I also would like to stress that we are being as transparent as possible in talking about the number of publications and authors that we have. As soon as possible, we are going to post a list of the publishers and all the sources of this material. We are also waiting for ORCID to come online, at which point we intend to leverage their work and use their identifiers to help in the name disambiguation process.
Through the Academic Search service, people will have the ability to look at citations or publications on a cumulative or on an annual basis. The service also has some powerful visualization abilities. For example, we will have the ability to show a single author in connection with all the people that he/she has worked with in the past (e.g., co-authors).

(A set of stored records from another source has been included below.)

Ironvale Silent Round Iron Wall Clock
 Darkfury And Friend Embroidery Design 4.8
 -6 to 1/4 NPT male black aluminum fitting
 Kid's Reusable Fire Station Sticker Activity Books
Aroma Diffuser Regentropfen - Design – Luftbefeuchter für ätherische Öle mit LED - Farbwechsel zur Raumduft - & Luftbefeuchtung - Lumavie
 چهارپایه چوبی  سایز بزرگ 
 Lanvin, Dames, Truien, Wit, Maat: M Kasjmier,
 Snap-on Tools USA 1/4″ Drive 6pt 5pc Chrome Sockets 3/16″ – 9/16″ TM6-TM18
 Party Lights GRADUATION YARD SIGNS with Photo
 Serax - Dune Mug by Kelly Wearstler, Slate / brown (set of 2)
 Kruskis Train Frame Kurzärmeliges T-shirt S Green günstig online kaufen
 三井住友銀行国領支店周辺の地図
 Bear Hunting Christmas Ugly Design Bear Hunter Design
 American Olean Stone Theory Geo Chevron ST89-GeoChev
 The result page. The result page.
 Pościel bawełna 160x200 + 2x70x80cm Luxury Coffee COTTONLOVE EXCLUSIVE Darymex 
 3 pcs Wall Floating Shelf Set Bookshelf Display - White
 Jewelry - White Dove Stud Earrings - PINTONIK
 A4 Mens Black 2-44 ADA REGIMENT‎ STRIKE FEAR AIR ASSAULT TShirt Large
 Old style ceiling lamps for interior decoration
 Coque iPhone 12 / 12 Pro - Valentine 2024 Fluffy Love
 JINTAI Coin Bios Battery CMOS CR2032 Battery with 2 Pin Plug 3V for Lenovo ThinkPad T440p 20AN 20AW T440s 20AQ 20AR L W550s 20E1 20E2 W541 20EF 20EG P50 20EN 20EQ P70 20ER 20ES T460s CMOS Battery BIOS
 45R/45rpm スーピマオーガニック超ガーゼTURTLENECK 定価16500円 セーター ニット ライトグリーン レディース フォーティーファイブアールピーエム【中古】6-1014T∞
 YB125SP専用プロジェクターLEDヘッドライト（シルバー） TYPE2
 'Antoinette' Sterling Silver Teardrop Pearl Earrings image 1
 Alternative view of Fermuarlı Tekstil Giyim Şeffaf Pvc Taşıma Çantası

Another thing I would like to highlight is the system’s ability to drill down into fields and subfields. For computer science, for example, you can look at the top authors, top publications, top conferences, journals, organizations, and other characteristics. (Note that this ranking is solely based on citation counts we have calculated.) Also, you can drill down into a sub-domain of computer science and visualize, for example, publication activity using what we call the Domain Trend. We believe that Domain Trend is a very useful tool for helping researchers find coauthors, principal investigators, and even awards and people to invite to conferences. There is also the ability to do ranking across institutions and across countries.
______________________
1 Presentation slides are available at http://sites.nationalacademies.org/PGA/brdi/PGA_064019.
Again, all of that information is free. We have been getting some good coverage lately, especially about some of the new functionalities of the system. Here is a recent quote from Nature2:
“…Meanwhile, Microsoft Academic Search (MAS), which launched in 2009 and has a tool similar to Google Scholar, has over the past few months added a suite of nifty new tools based on its citation metrics (so.nature.com/u1ouut). These include visualizations of citation networks (see ‘Mapping the structure of science’); publication trends; and rankings of the leading researchers in a field.”
I would like to stress the fact that the work that we are doing here is for researchers and by researchers. That is something that we will always keep in mind when we grow and make this a more sustainable service. We are also very interested in changing our interface and not just doing citation analysis of papers, but eventually also of data. We are very interested in conducting research projects with the community. From our perspective, Microsoft Academic Search is an open platform and we are going to be as transparent as we can about our work. We want to make sure that this service will accurately represent how science and academia work. We are going to make our domain coverage more extensive. We are also working on more partnerships. For example, we are an associate member of DataCite and we are a founding sponsor of ORCID. Finally, we are tracking these and other activities to see when and how we can integrate them into our service.
______________________
2 Butler, D. 4 August 2011 Computing giants launch free science metrics. Nature 476, 18 (2011) (doi:10.1038/476018a).